Zooplankton form a link between the phytoplankton community and larger species at higher levels in the food web. The zooplankton community includes both primary consumers (which eat phytoplankton) and secondary consumers (which feed on other zooplankton).
Zooplankton are mostly microscopic, but can range in size from single-celled protozoa to large jellyfish.
- Copepods—tiny crustaceans about one millimeter long—dominate the Bay’s zooplankton community.
- Tiny fish and shellfish larvae are also considered zooplankton. Even though this planktonic stage is only temporary, larvae are a significant part of the zooplankton community.
- Protozoa are single-celled animals that feed on detritus and bacteria. They, in turn, become food for larvae, copepods and other zooplankton.
- Jellyfish and comb jellies are the largest zooplankton. Although these gelatinous creatures can swim, they are mostly at the mercy of tides and currents. Jellyfish and comb jellies feed on larvae and copepods.
All fish depend on zooplankton for food during their larval phase. Some species, such as shad, herring and anchovies, eat zooplankton their entire lives. One herring may consume thousands of copepods in a single day.
Like phytoplankton, zooplankton populations are an excellent indicator of the Bay’s health because they are sensitive to environmental changes. Scientists can get a good picture of current Bay conditions by looking at the amount and diversity of zooplankton.
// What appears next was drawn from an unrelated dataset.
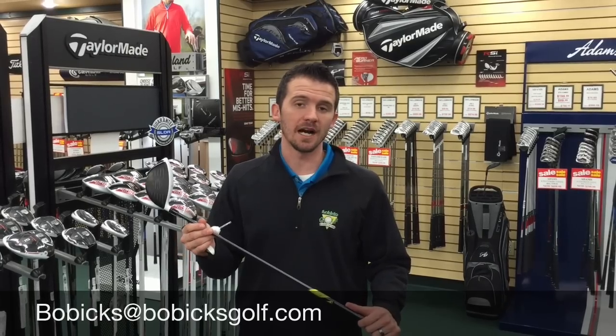Once again, thanks for watching Fried Eggs. If you have any questions, please send them to Bobix at BobixGolf.com, or visit us at BobixGolf.com to check out all the 2015 TaylorMade products. Thanks.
Bacteria play an important role in the Bay. They are the decomposers, breaking down dead plants and other matter. Through this process, nutrients in dead plant and animal matter once again become available for growing plants. Zooplankton and other filter-feeding animals eat bacteria.
Some bacteria are permanent Bay residents. Others, such as coliform bacteria, are introduced through various pathways, including human sewage and polluted runoff.